The Ogallala Formation was named by Darton (1899) from exposures in Southwestern Nebraska. In 1920 Darton designated the type locality as being near Ogallala Station in western Nebraska. Since the work of Darton, the most significant studies of the Ogallala in western Kansas have been by Elias (1931), Smith (1940), and Frye, Leonard, and Swineford (1956). The Ogallala Formation is believed by the State Geological Survey of Kansas to range from early Pliocene, or possibly late Miocene, to late Pliocene in age. It is subdivided into three members in ascending order, the Valentine, Ash Hollow, and Kimball. A thin discontinuous bed of pisolitic limestone, commonly 1 to 3 feet thick, forms the top of the Ogallala. No attempt was made to subdivide the Ogallala Formation in Gove County.

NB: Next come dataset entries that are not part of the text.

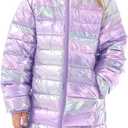 Cutemile 4-12 Years Girls Winter Jacket Long Puffer Coat Water Resistant with Hooded (Purple)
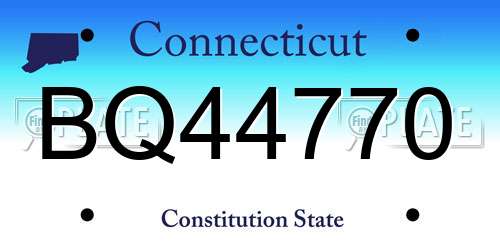BQ44770 Connecticut License Plate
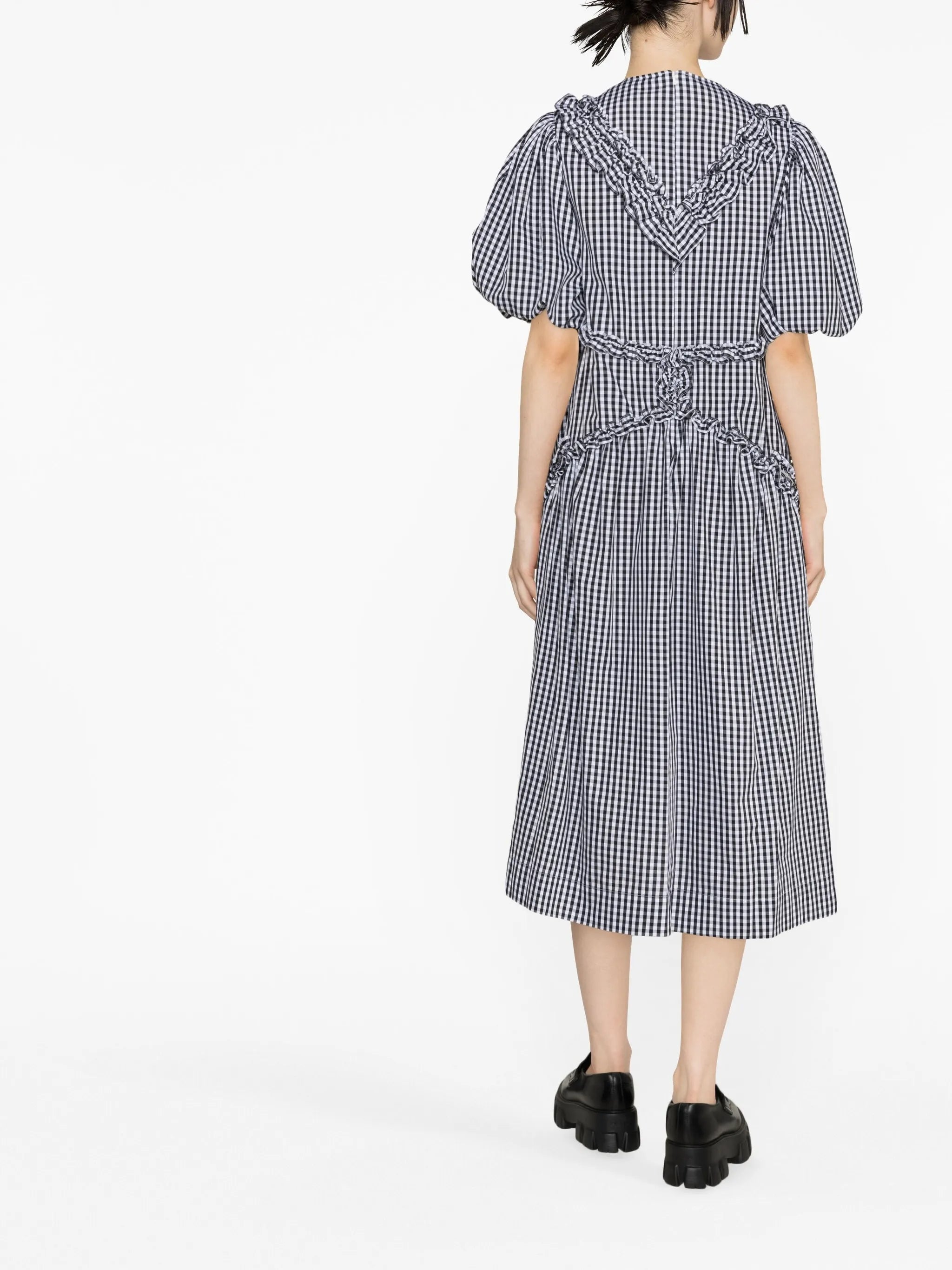 gingham-check puff-sleeve dress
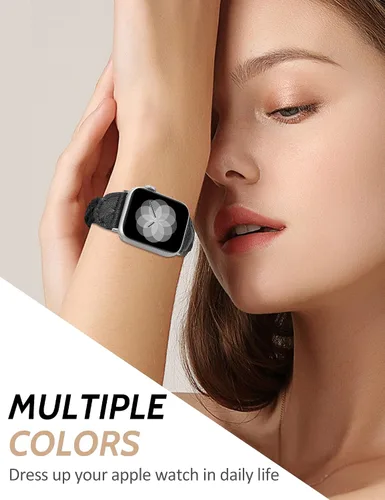 Vista 2 de Minyee - Correa trenzada compatible con Apple Watch de 41 mm, 40 mm, 38 mm, 42 mm, 44 mm, 45 mm, 46 mm, 49 mm, para mujeres, correa Solo Loop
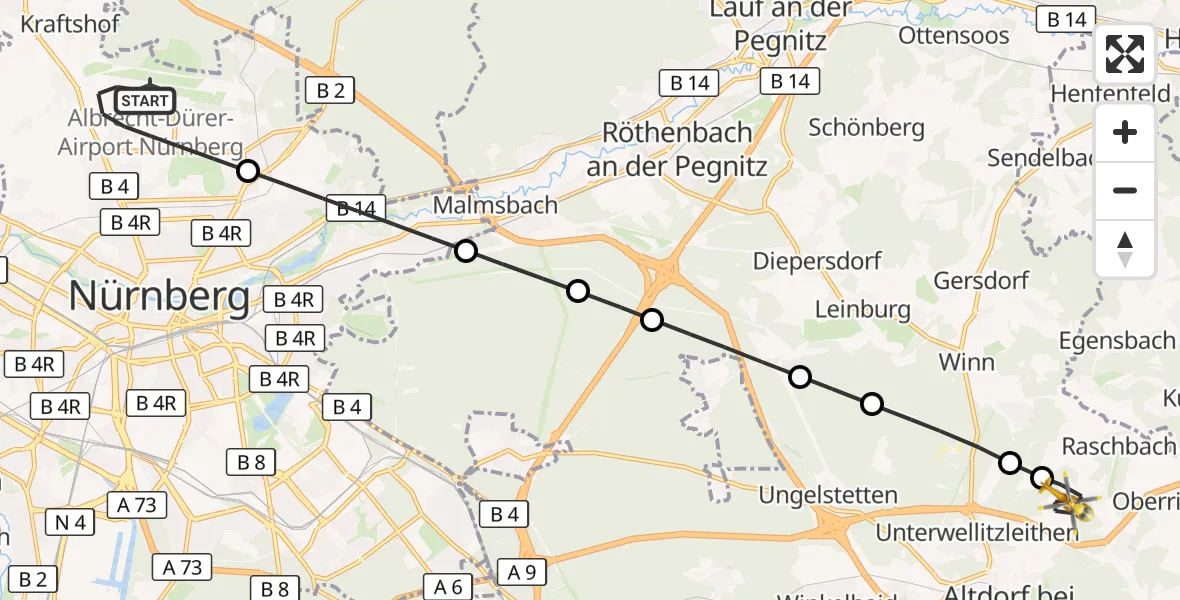 Flugroute Ambulanzhubschrauber Flughafen Nuremberg - Altdorf b.Nürnberg, 27 Mai 2026, 07:26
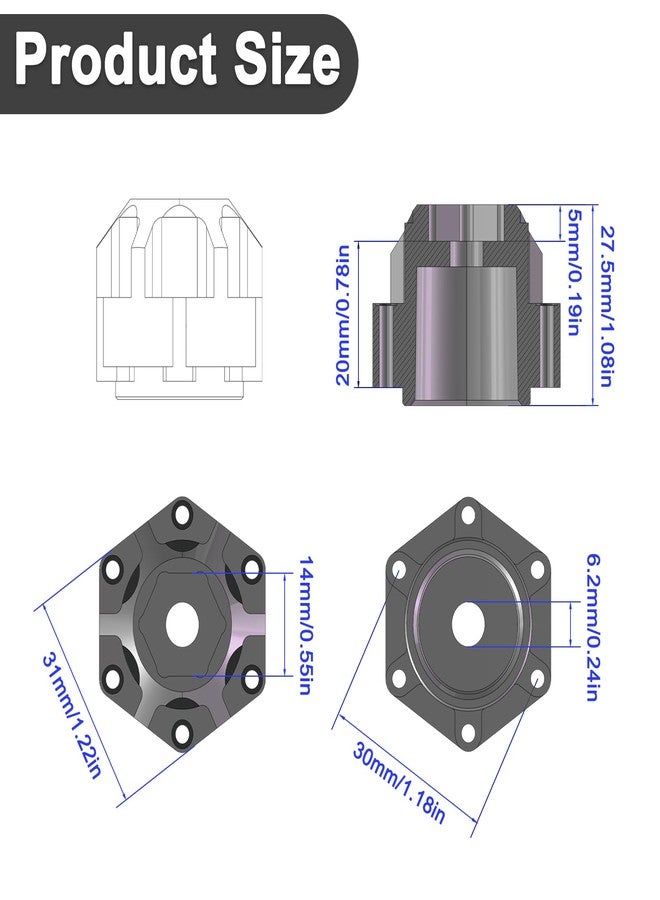 LRFHL 1/10 6x30 to 14mm Aluminum Hex Adapters 20mm Thickness for 1/10 Proline Arrma Senton Granite Wheel Hex Hub Adapter Upgrade Parts (Black) - Image 5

Character--The Ogallala was deposited chiefly by eastward-trending streams whose source areas were underlain by igneous rocks of the Rocky Mountains and sedimentary rocks of eastern Colorado. The Ogallala Formation constitutes a widespread mantle of fluviatile deposits consisting predominantly of unconsolidated sand, gravel, silt, and clay but also containing thin beds of volcanic ash, fresh-water limestone, and bentonitic clay. Calcium carbonate is a common constituent as a cementing material in hard gritty beds called "mortar beds" or as caliche beds and nodules. Silica also serves as a cementing material in beds of opaline sandstone and forms chert deposits. Sand is the principal constituent throughout the Ogallala Formation. Beds of sand may be uniform but generally the sand ranges from fine to coarse and commonly is mixed with gravel, silt, or clay. Gravel beds containing lenses of sand, silt, and clay are common but thick beds of uniform gravel are scarce. Silt, sandy silt, and clay beds occur throughout the Ogallala and are greenish gray, pink, tan, and gray, or if the beds contain a large amount of calcium carbonate, they are light gray or white.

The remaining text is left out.